_Exercise instructions_
Your output is to hold only the lines from the one showing "Интересная фотоподборка известных" through the end of the listing, exactly, with every picture excluded.

_Information shown_
========================================
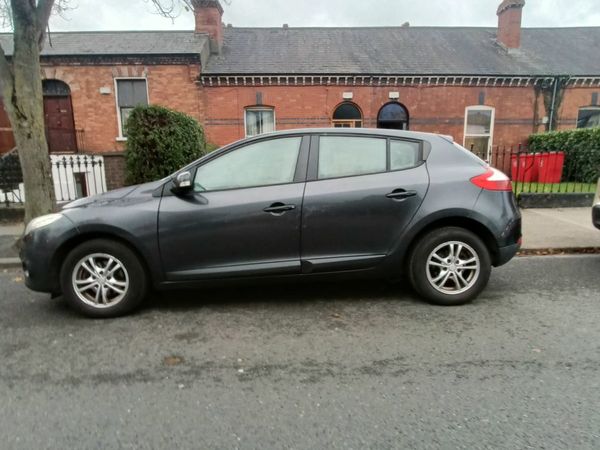 Renault Megane Hatchback, Diesel, 2012, Grey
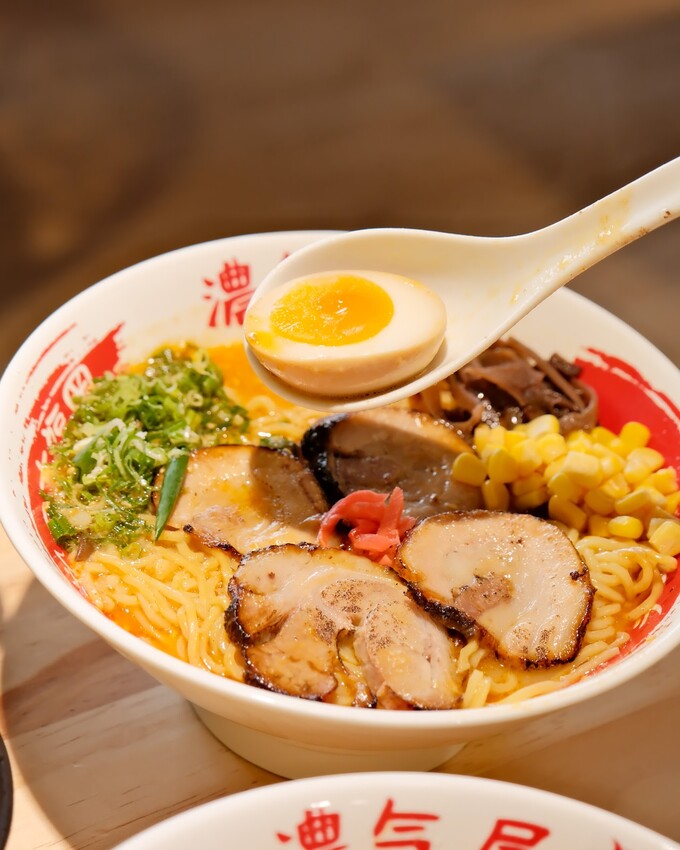 【新莊美食推薦】濃氣屋幸福店～新莊平價拉麵必吃，來自日本福岡的連鎖拉麵店，內用咖哩飯免費～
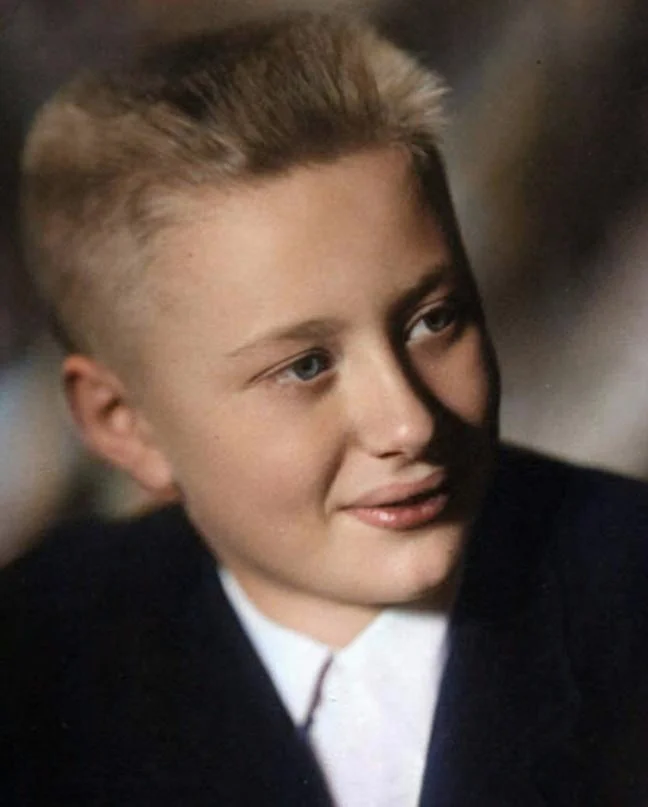 Интересная фотоподборка известных личностей СССР и Мира в детстве и юности. 20 раскрашенных фотографий. Часть 2 20 век, Старое фото, Знаменитости, Актеры и актрисы, Фотография, Колоризация, Музыканты, Биография, Длиннопост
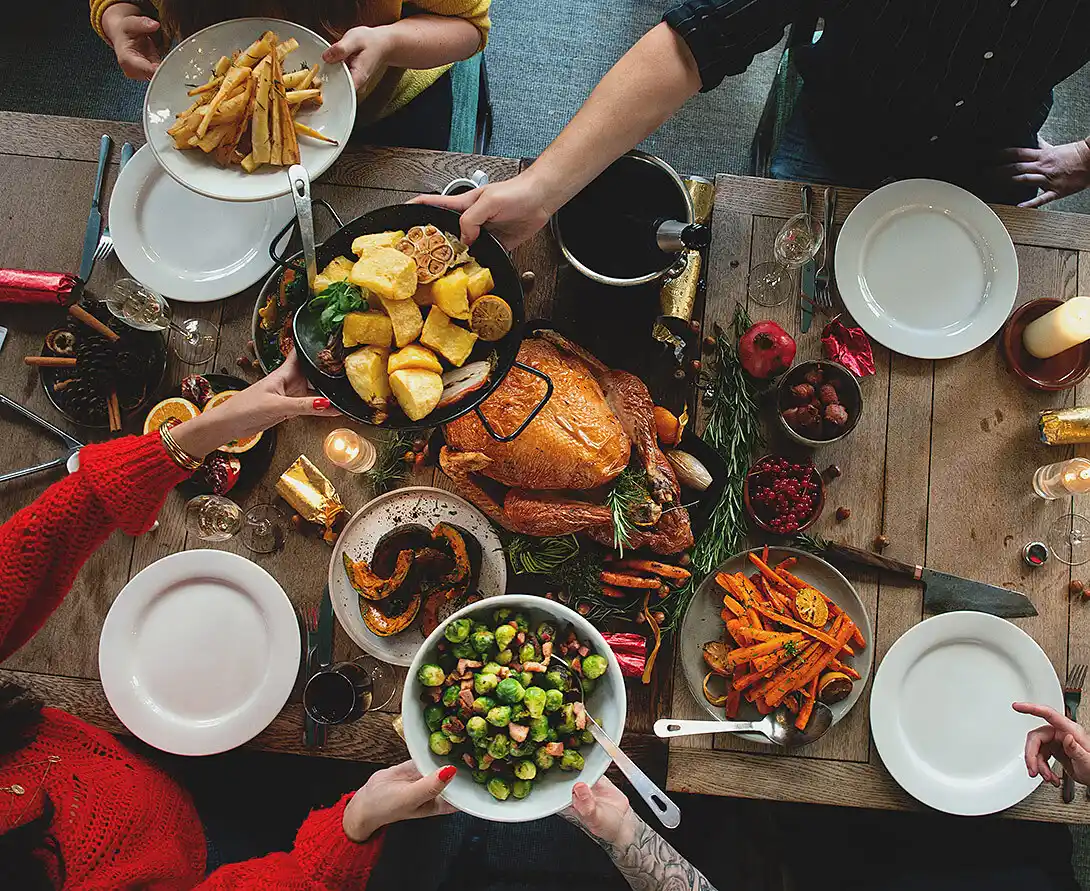 Right in the heart of the City, Fleets is the go-to for post-meeting pints and relaxed team socials. Close to St Paul’s but away from the rush, it’s a smart choice to relax. Inside, you’ll find inviting spaces, rich textures, and a menu packed with crowd-pleasers. Perfect for long lunches, quick pints, or lingering evenings.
========================================
_Response below_
 Интересная фотоподборка известных личностей СССР и Мира в детстве и юности. 20 раскрашенных фотографий. Часть 2 20 век, Старое фото, Знаменитости, Актеры и актрисы, Фотография, Колоризация, Музыканты, Биография, Длиннопост
 Right in the heart of the City, Fleets is the go-to for post-meeting pints and relaxed team socials. Close to St Paul’s but away from the rush, it’s a smart choice to relax. Inside, you’ll find inviting spaces, rich textures, and a menu packed with crowd-pleasers. Perfect for long lunches, quick pints, or lingering evenings.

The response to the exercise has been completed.